Formal Aspects of Language Modeling
Ryan Cotterell, Anej Svete, Clara Meister, Tianyu Liu, Li Du
TL;DR
The notes formalize language modeling from measure-theoretic first principles to practical, representation-based implementations. They contrast globally and locally normalized approaches, introducing the concept of tightness to ensure well-defined distributions over finite strings, while enabling mass to leak to infinite sequences in non-tight cases. The RB-LM framework combines vector representations with projection onto the probability simplex to define conditional next-token distributions, linking representation learning with formal probabilistic structure. Finite-state models (WFSAs and PFSA) are connected to n-gram and subregular theories, providing computationally tractable baselines and insights into modern neural architectures.

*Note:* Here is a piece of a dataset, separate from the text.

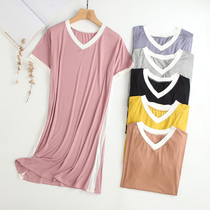 2021 new Modale thread splicing V collar short sleeve sleeping skirt woman summer loose plus size home pyjamas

Overall, the work establishes a rigorous foundation for analyzing language models, their normalization, and the trade-offs between expressiveness, tractability, and training objectives, with implications for both theory and practical model design.
Abstract
Large language models have become one of the most commonly deployed NLP inventions. In the past half-decade, their integration into core natural language processing tools has dramatically increased the performance of such tools, and they have entered the public discourse surrounding artificial intelligence. Consequently, it is important for both developers and researchers alike to understand the mathematical foundations of large language models, as well as how to implement them. These notes are the accompaniment to the theoretical portion of the ETH Zürich course on large language models, covering what constitutes a language model from a formal, theoretical perspective.